Are you having trouble with your customers paying on time? You wouldn’t be the only business with this problem. One of the biggest issues for small businesses is getting paid.
Cash flow problems have a flow-on effect that can threaten a business’s survival.
Poor cash flow can mean you are late to pay your own suppliers or utilities, it can mean you have to under-order inventory, it can even mean you are forced to cut back on staff or reduce your own pay cheque.
So how can you fix this?
Let’s look at ways you can improve your invoicing, encourage your customers to pay promptly and make sure you have enough money coming in when you need.
Before you offer credit to your customer, make sure you negotiate your payment terms. Of course, the shorter the term, the quicker the payment will be made. Though, in some instances you will be tied to what is standard for your industry.
What is important is that the customer understands what the terms are and agrees to these terms before you start dealing with them.
But remember, always ensure that the payment terms are on each invoice. And you can go one step farther. Insert the actual due date in addition to the payment terms. This is often more effective than the payment terms alone.
One of my customers changed their payment terms from 30 days to 14 days and notified their customers by email. They stated that given they are a small business the 30-day terms had a large impact.
They expected customers to push back.
To their surprise, customers generally accepted the new terms. Now, while invoices aren’t always paid within 14 days every time, the majority are paid before the 30-day period.
Don’t give your customers any excuses not to pay on time. Payment terms usually state that payment is due within a certain time frame from receiving a correct and complete invoice. Ensure that you have all the information they need to pay on the invoice to prevent delays from reissuing invoices.
Include the following information on every invoice:
• complete detail of the work completed or goods provided
• a purchase number if they have provided one
• the actual due date – for example, if the invoice is issued on 1 September and the payment terms are 14 days, insert the due date as 15 September
• all the available payment options.
Many companies also require details such as business number, registered address, tax status (if registered for goods and services tax the invoice must state ‘tax invoice’) and business contact details, so it doesn’t hurt to add these too.
Ask your customer what information they need on the invoice before you issue it.
The faster you invoice the customer, the earlier they will need to pay to obey the payment terms.
Prepare to issue invoices when each job or sale is completed, delivered or sold – not at the end of the week or month.
That way the payment terms start as early as possible and will ensure that invoices are not missed or overlooked.
Consider emailing your invoices directly to the person responsible for making the payment – the finance area – for faster turnaround time.

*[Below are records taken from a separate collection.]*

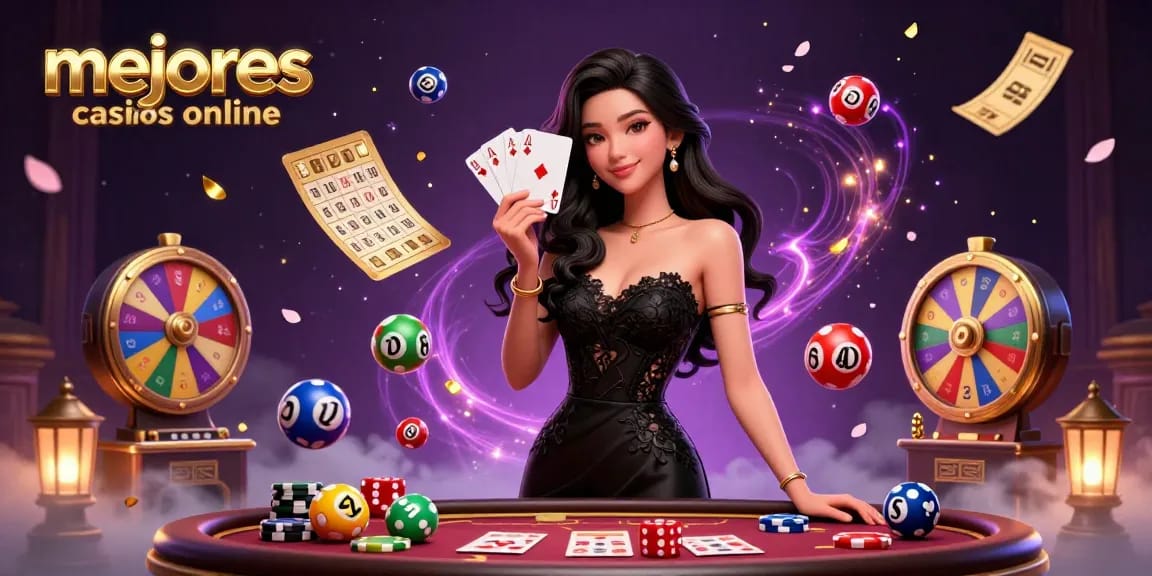 Play exciting games at mejores casinos online, featuring stunning visuals and rich casino elements.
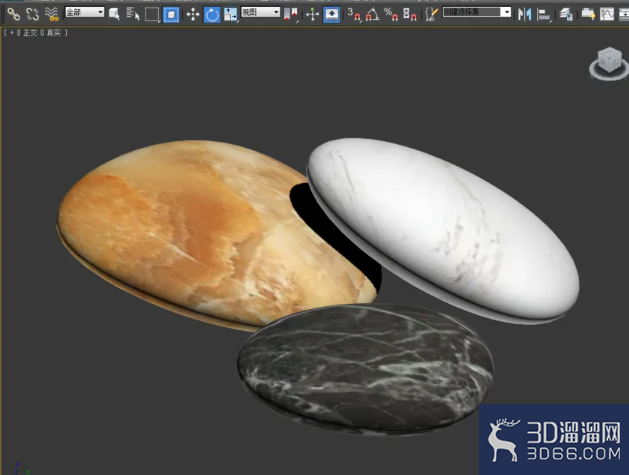 3Dmax如何制作鹅卵石模型? 3Dmax如何制作鹅卵石模型?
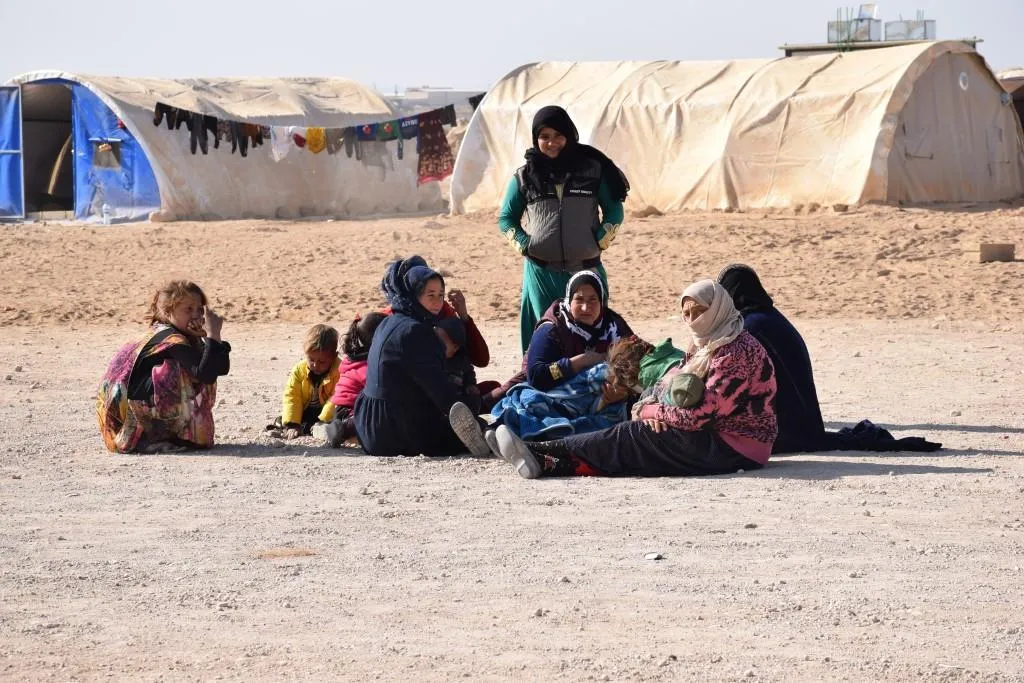 25 malbatên ji gundewarên Zirgan û Til Temirê gihîştin Kampa Waşokanî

If you opt for ‘read receipt’ on the email you will know that they have received the invoice.
For higher paying jobs or longer-term projects, consider requesting progress payments.

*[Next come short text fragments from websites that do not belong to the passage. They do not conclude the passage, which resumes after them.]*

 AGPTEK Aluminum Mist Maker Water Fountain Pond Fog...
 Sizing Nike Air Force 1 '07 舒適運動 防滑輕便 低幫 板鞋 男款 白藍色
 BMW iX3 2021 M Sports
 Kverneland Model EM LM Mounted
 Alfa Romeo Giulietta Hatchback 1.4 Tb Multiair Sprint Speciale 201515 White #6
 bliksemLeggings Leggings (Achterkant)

For example, if you provide a consulting service over a 6 month period, you may consider payment terms such as 30% upfront, 50% on provision of first draft of final report, and 20% on completion of the work.

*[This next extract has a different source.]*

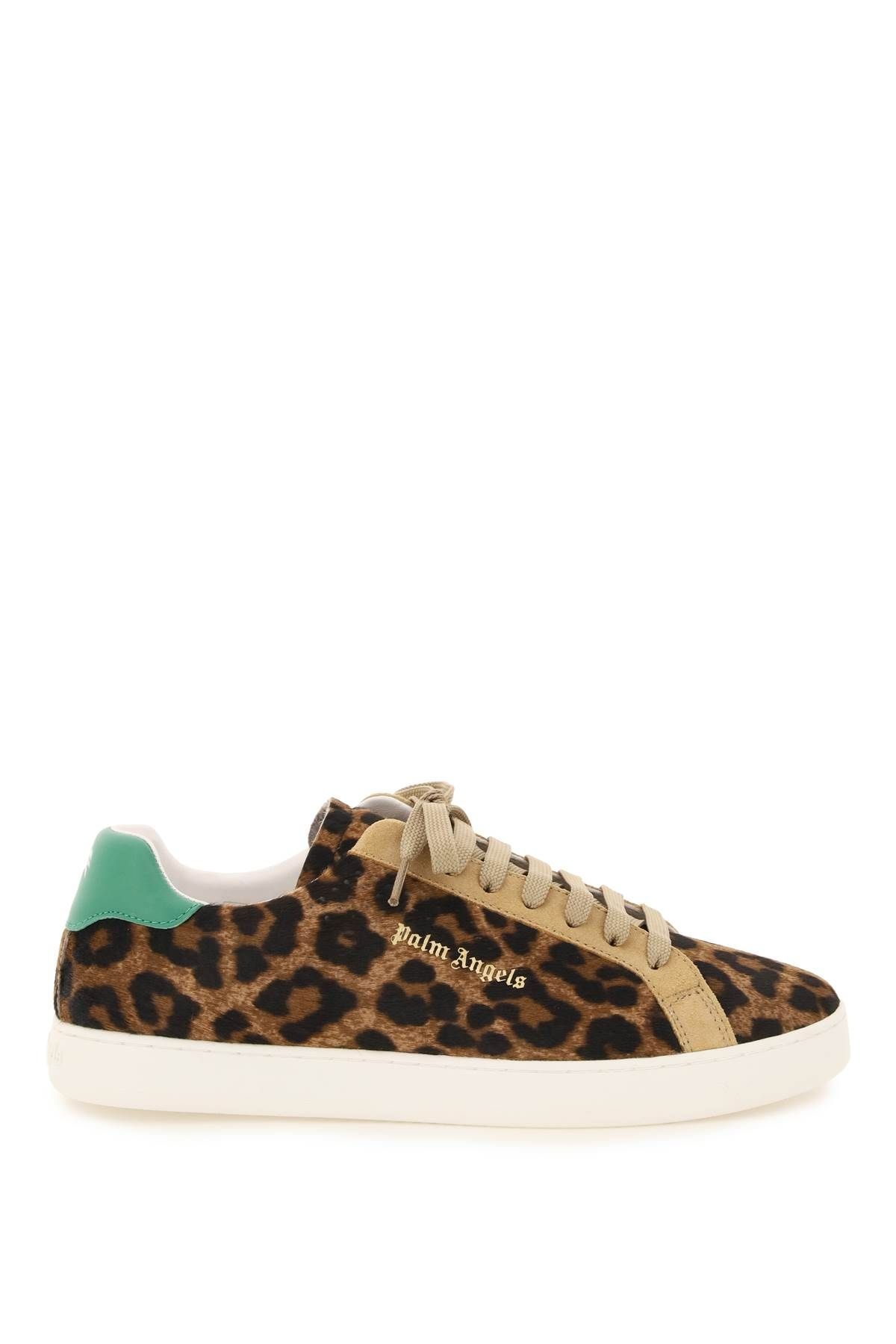 LEOPARD CALF HAIR SNEAKERS - 1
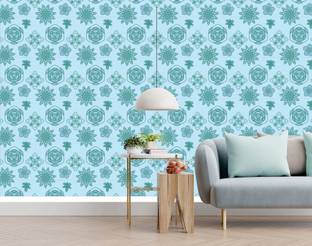 imbue Floral & Botanical Multicolor Wallpaper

This will improve your cash flow and reduce the risk of non-payment on projects with a larger dollar value.
For longer-term projects or special order goods or services, you may want to negotiate an upfront payment.
This is standard in certain industries. For example, when you order a new piece of furniture to be specially made, you’re often required to pay a deposit upfront before you fully pay for the furniture when the project is completed.
In cases like this, the deposit might help the business to purchase stock to complete the work without having to draw from its own funds. It also reduces the risk of customers backing out and not paying.
Although many of us don’t like to pay bank charges for things like EFTPOS and credit card processing, investing in the convenience of these services can work out cheaper in the long run.
Electronic banking saves you time chasing payments and running to the bank to deposit cash or cheques. Plus, if you make it easy for the customer to pay by diversifying options, such as adding direct payment into a bank account or credit card payment, they’re likely to pay quicker.
You can influence your customers’ behaviour by implementing procedures on late payments.
You know the saying ‘the squeaky wheel gets the most oil’? Have a system that sends reminders frequently. Most bookkeeping systems can do this automatically, you just need to set it up.
If you don’t chase late payers, your customers may pay someone else before they pay you.
If you have a repeat late payment offender, consider if their business is worth the time, effort and stress you spend chasing payments. It might be more effective to stop doing business with them and use this time and effort to secure new customers that will stick to your payment terms.
Although we tend to focus very much on securing sales in business, it is equally important – if not more – to receive prompt payment. Your business can’t function without good cash flow. A few late payments could be devastating to your business, not to mention your stress levels.
It’s never a bad time to implement these invoicing and the associated procedures into your business. This will up your chances of being paid sooner and improve your business’s cash flow so you don’t fall behind and find yourself making sacrifices.